I edited another nonfiction manuscript that wasn’t nearly as bad. It was clear this author had actually put some thought into it. I think the previous one had just said, “Write a book on this topic.” This author had some of their own stories in there, real actual applicable ideas, etc. But, again, the overuse of the AI cadences and writing style made it difficult to enjoy reading it.
Then I had someone contact me on LinkedIn who hired me to read his novel that was entirely generated by an AI he had built. He wanted to know if it was readable and marketable as is. I bet you can guess the answer.
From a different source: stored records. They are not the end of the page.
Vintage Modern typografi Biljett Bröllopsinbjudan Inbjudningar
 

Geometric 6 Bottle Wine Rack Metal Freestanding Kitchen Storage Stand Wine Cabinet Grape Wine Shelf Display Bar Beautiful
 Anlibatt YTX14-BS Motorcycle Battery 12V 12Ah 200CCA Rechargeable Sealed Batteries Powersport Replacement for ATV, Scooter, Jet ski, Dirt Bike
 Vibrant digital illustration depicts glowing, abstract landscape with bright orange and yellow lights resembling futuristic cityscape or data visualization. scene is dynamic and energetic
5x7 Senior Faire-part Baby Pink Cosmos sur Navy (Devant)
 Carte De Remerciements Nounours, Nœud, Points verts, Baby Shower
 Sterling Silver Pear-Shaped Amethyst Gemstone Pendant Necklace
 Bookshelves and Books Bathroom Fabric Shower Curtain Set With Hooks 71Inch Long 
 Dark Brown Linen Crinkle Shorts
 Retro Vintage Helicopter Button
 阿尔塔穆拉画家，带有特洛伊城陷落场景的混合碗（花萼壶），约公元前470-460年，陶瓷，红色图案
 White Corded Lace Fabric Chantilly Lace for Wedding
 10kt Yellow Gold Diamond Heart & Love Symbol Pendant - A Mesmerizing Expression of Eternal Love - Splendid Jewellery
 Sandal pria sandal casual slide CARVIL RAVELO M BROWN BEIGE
I had to use AI to help me “read” the whole thing so I could analyze the plot arc. And by that, I mean after chapter 8, I gave up and asked it to give me bullet points of events for each chapter. I couldn’t read it anymore because the writing was not enjoyable, and I was so confused about what the heck was going on. But I wanted to report on AI’s ability to follow a plot structure.
For any of you who are curious to learn what AI did well and what it did not, you can read my report here.
Bottom line: Don’t use AI to write an entire book or to handle all your editing.
If you have a skillset, like editing or writing, AI can be a powerful partner to augment that skill. If you don’t, your prompts—and therefore your results—will be poor.
Like most tools, AI’s value depends on the person using it. Hopefully, sharing my process helps you find your own balance between creativity, authenticity, ethics, and efficiency.